_WHAT IS REQUIRED:_ Your reply should reproduce each line below exactly and carry none of the pictures.

_DATA SEGMENT:_
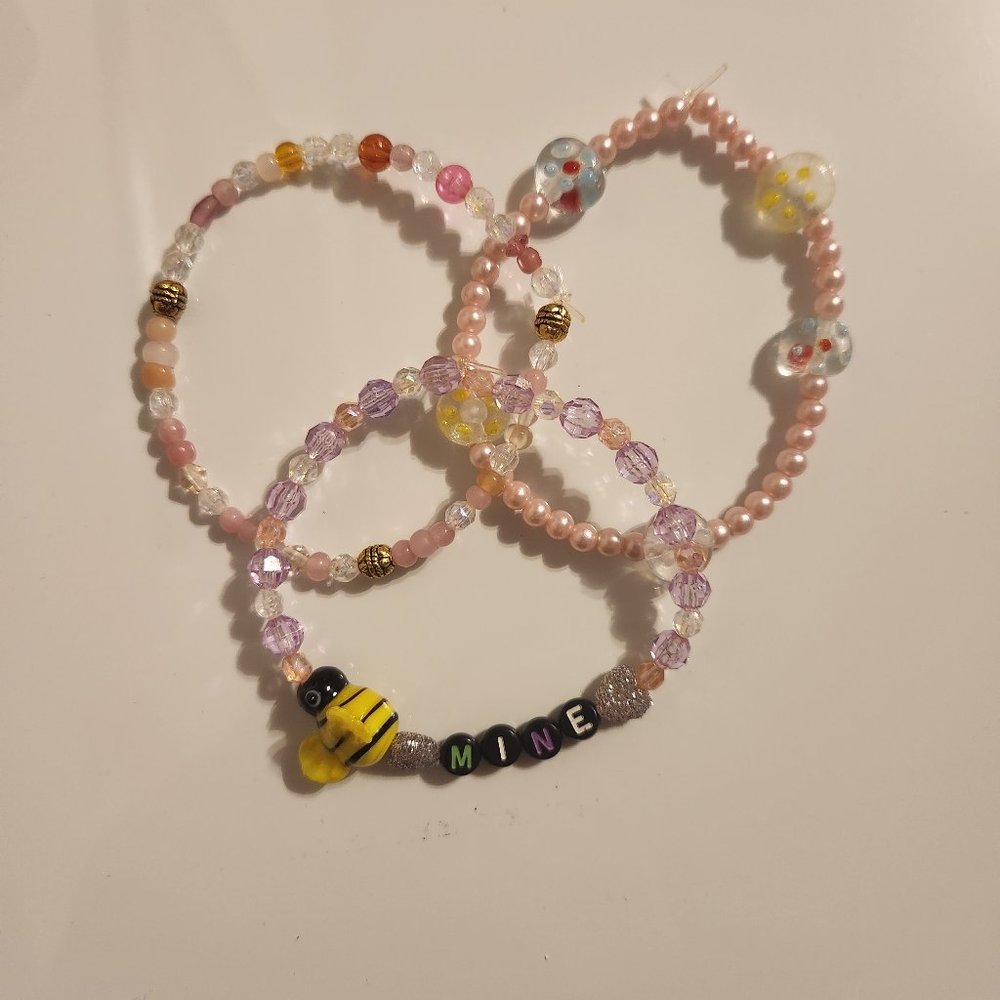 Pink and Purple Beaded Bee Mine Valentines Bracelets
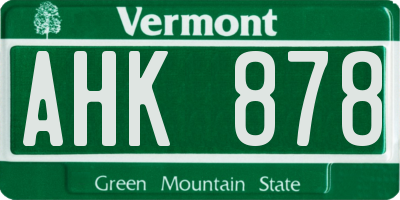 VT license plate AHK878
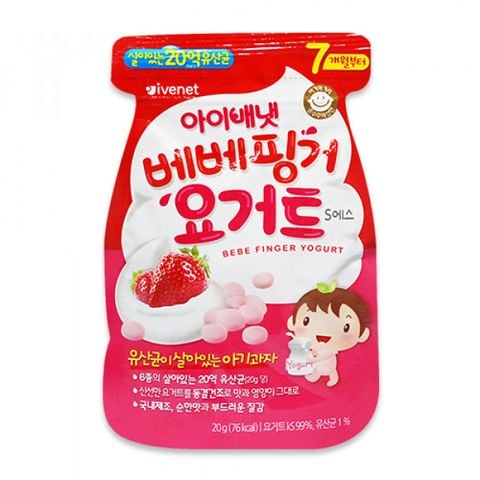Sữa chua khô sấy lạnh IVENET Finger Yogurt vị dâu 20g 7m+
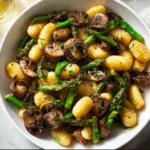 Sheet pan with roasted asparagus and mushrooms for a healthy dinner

_COMPLETED EXERCISE:_
 Pink and Purple Beaded Bee Mine Valentines Bracelets
 VT license plate AHK878
Sữa chua khô sấy lạnh IVENET Finger Yogurt vị dâu 20g 7m+
 Sheet pan with roasted asparagus and mushrooms for a healthy dinner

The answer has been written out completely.